Scent information was the last to arrive in her brain with her first massive inhalation, but it was the most important to her, and the most awful of all, because there were literally thousands of smells in the night air that were perfectly alien to her. In her normal surroundings just one strange scent made for an exciting day, and she might linger over it for many minutes, fixing it in her comprehensive library of smells, far more vast than a human mind could comprehend.

There was a crumpled McDonald's cup lying in the gutter, which had held a strawberry shake; she smelled that, had a pretty good idea where it was, no idea what it was, though she knew it was edible as it was related to her mental folders labeled milk and berries. On the other side of the street a woman was walking a German shepherd on a leash and Big Mama smelled that, too. It was something like the dire wolves she had always ignored in her world, puny little animals, but also wildly different, and mixed with a hundred other smells she could separate but not identify: shampoo, his mistress's perfume, dog food containing the cooked flesh of several different animals plus carrots, grains, charcoal, and the metallic smell of the tin the food had come in.

There were dozens of restaurants a short whiff away, each emanating a thousand smells, very few of them pleasant. There were a thousand people on the street each with an odor as distinctive as a face, each wearing clothing made of alien substances, laundered in harsh detergents, and shoes made from canvas and rubber and leather.

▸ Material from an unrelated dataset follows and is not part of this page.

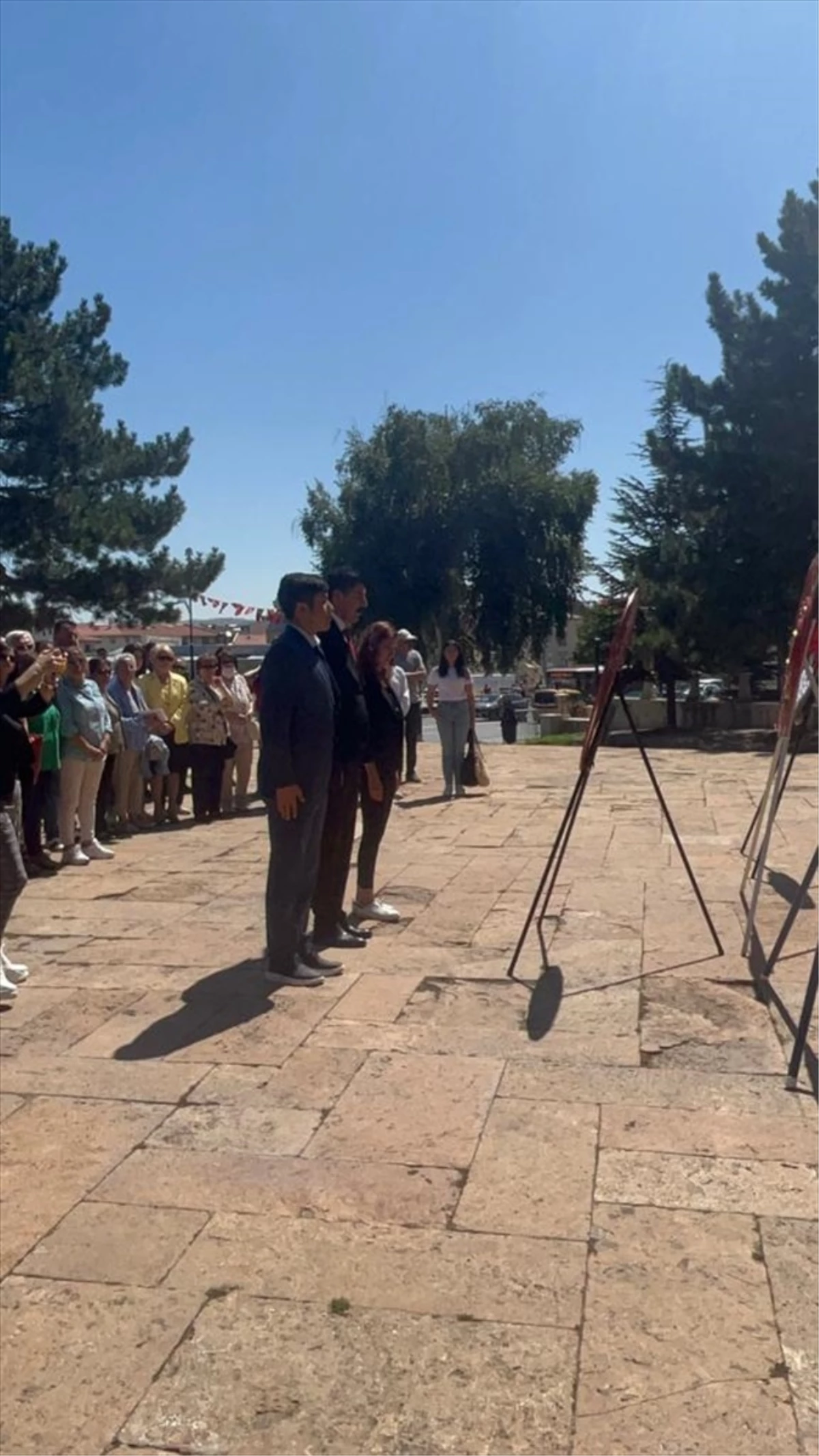CHP Sivas İl Başkanı Haydar Öztürk, 30 Ağustos Zafer Bayramı\'nda Atatürk Anıtı\'na çelenk sundu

There were smells of creosote from phone poles, paint and plaster and brick from the buildings, a monstrous panoply of chemicals used in processing paper and plastic and cloth and electronic devices and metals and ceramics, a phantasmagoric stench that could be summed up in a word no puny Pleistocene biped had yet used in Big Mama's world: civilization.

Over it all, a vast enveloping presence, was the apocalyptic smell she classified as burning tar, the petrochemical miasma humans constantly swam through, as oblivious to it as a fish to water. The burned tar products belched from the tailpipes of the bright, low, shiny animals that darted past her on all sides, sweated off the oil-coated sides of their roaring guts, oozed off the hard asphalt surface she stood on. It was a smell antithetical to everything her heart knew as wholesome, and she hated it. Hated it.

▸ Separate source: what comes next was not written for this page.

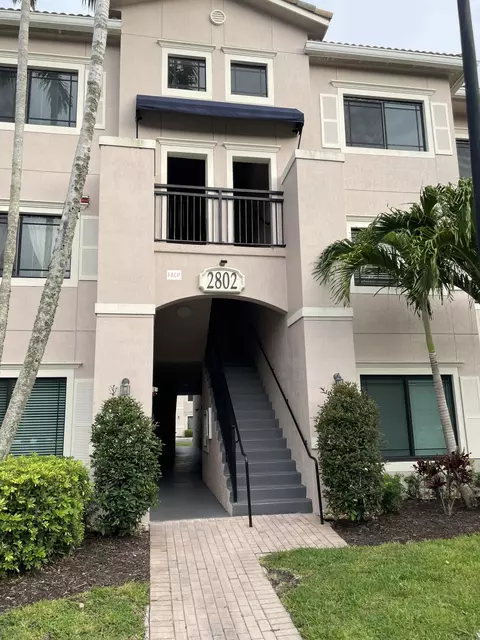 2802 Sarento Pl #301, Palm Beach Gardens, FL 33410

Now here came another animal, an animal actually larger than Big Mama, a unique and affronting experience in itself and one she normally would have run from, being at her center a peaceful and cautious beast. But her capacity for caution was gone and there was nothing left but a red and blinding rage. She turned, faced the creature, and lunged at it. Her tusks went right through its eyes, which were hard and brittle and no match for ten feet of ivory. Inside the beast she could see other creatures, more of the damned bipeds, screaming and fleeing toward the back of the thing's bright alien belly. This made no sense, but she was far beyond any concept of sense. She roared again, and tried to flip the creature onto its back. It was too heavy, so she put one huge foot into the broken eye socket and stomped down on it.